In Topic: OpenGL ES 2.0 on Android: how to render 500 cubes effectively

22 December 2012 - 07:52 AM

I know this thread is a month old, but I have invested serious thought and work into the project, and I'd like to post an update to show that I aprecciate your answers, and to help other people with similar issues.






Do you have any profiling tools that allow you to measure CPU and GPU timings independently? The first step will be determining which processor is the bottleneck, so you can focus your optimisations usefully.




I believe that you have a very good point here; I have mostly been "optimizing blindly", which is considered bad practice. I have tried / considered the following options:



1. Android SDK Tools: the profiler shipped with the SDK shows CPU time, but not GPU time. Also, it profiles my own application, but I would like to see what's going on in the whole system. Google has recognized this and published a tool for system-wide profiling called systrace, but it's only available for Jelly Bean. The same goes for dumpsys gfxinfo which in combination with the Jelly Bean developer option "Profile GPU Rendering" outputs a stat about how much time is spent processing, drawing and swapping UI. See Chet Haase and Guy Romain's excellent presentation about Android UI performance for more information about those tools. For me, they are not an option, I am stuck with Honeycomb for various reasons.




2. Log output: yes I know it is stone age, but I thought it would be interesting to see how much time my application spends in my move() (CPU) and draw() (GPU) methods. The results are not very conclusive; I guess this has to to with multithreading and the way Android handles vsync.



3. NVIDIA Tools: there is a tool for Tegra 2 platforms called PerfHUD ES that looks very promising: detailed information about draw calls and lots of other GPU-related information. I am currently trying to get this running on honeycomb. Any help aprecciated.







Option 1: Software transform the vertices. That is, do the matrix multiply on the CPU, then you can send all the cubes in one go.
Option 2: 'Hardware skinning' style solution. Instead of doing one cube at a time, put 16* cubes into your VBO. The vertices for each cube have indices, which you use in your vertex shader to look up into an array of matrix uniforms.

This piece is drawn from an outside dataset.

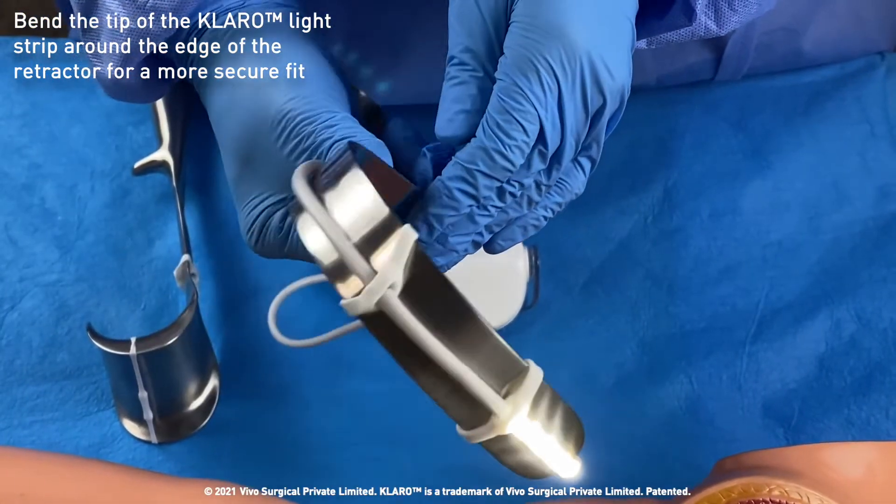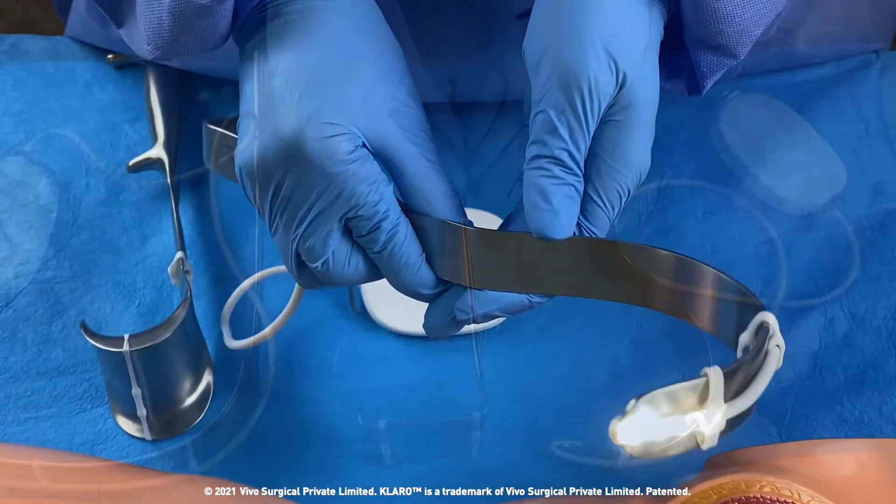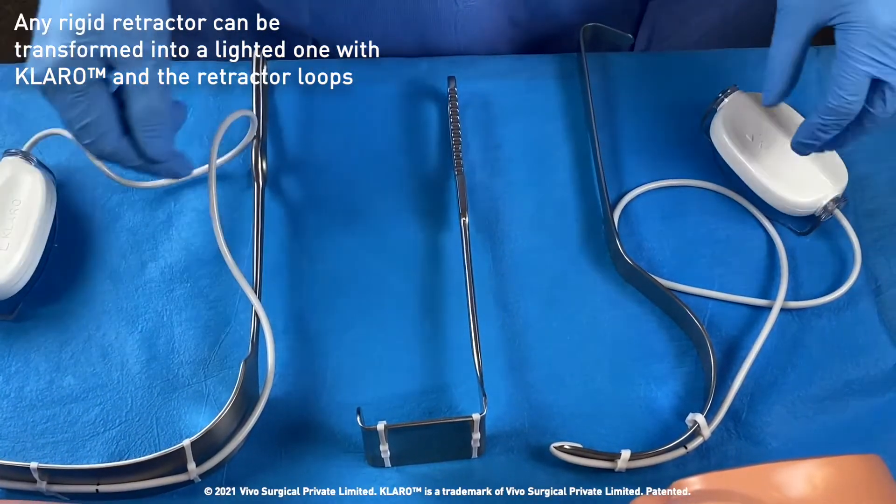There we go. With Claro, any rigid retractor can be transformed into a lighted one.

Both of your options seem very reasonable approaches to take. I decided to implement option 2 first. The OpenGL ES specification calls this method "Dynamic Indexing".  It took me an hour to rearrange my application accordingly, and a whole day to find out how to get hold of the vertex index inside the shader and use it to address my transformation matrices. It's not straightforward on OpenGL ES 2.0 because for some fucking reason they decided to leave out the crucial gl_VertexID variable there. Sorry, but this tiny little detail really drove me mad. Anyways, the solution is quite simple, once you know how to do it. Anton Holmquist has a short, to-the-point blog post about it, which I wish I'd found earlier.

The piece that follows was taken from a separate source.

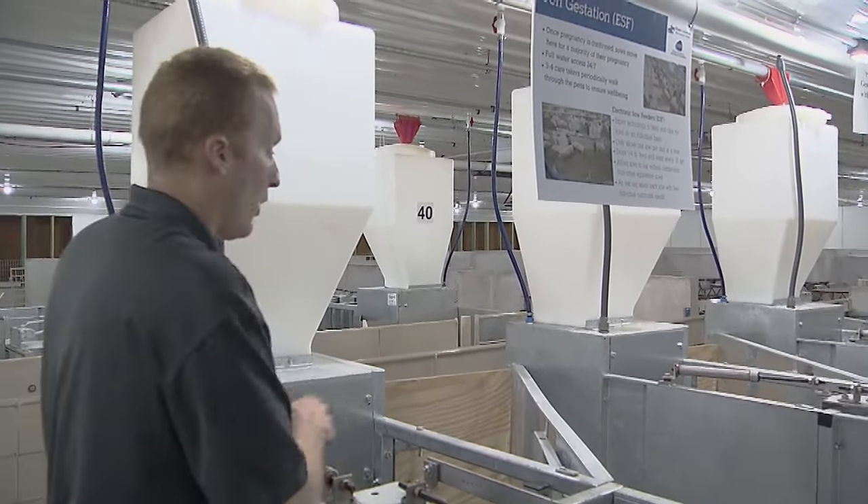Feed is provided to the sows 24 hours a day on these cell feeders, along with fresh water 24 hours a day. We have two environments to maintain in this room: underneath the heat lamp we try to keep 95 degrees to keep those baby pigs nice and warm, and we also maintain the environment for the sow at around 70 degrees. So we're managing two environments in here.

The one big drawback about this method is, like you pointed out, the limited uniform space. For those who don't have a clue what that is (like I did): it is the space available for declaring uniform variables in the shader. I read somewhere that this space relates to the amount / size of registers the GPU has - correct me if I'm wrong here. For anyone interested, calling glGetIntegerv(GL_MAX_VERTEX_UNIFORM_VECTORS) will return a number that says how much uniform space you have on your system. The specification for OpenGL ES 2.0 says it has to be at least 128. The number is expressed in vectors, and since each matrix has 4 vectors, that means you could declare a maximum of 32 matrix variables or, in my case, two arrays of 16 matrices. In other words, I can batch a maximum of 16 cubes now. 

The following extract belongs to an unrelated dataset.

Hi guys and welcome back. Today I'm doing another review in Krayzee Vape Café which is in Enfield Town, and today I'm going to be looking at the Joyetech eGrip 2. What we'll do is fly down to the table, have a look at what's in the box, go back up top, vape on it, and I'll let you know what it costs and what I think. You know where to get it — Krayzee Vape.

Dynamic indexing has certainly improved performance, but I am not entirely happy yet. I will implement the abovementioned option 1, hoping to improve performance by shifting work from the GPU to the CPU and, as a next step, parallize the move() and draw() operations.

In Topic: OpenGL ES 2.0 on Android: how to render 500 cubes effectively

24 November 2012 - 06:24 AM

That said, a solution will probably involve call glDraw less often than once-per-cube.

True, but how ? Since every cube needs its own scaling, rotation and translation, how can I combine glDrawArrays() calls?

In Topic: Effective way to detect whether my 3D cubes are outside the 2D screen boundar...

09 September 2012 - 05:28 AM

just keep your point method, and multiply the result by 0.9 or something so that you effectiveley increase the virtual size of your screen and the cubes will pop away after they pass the border region.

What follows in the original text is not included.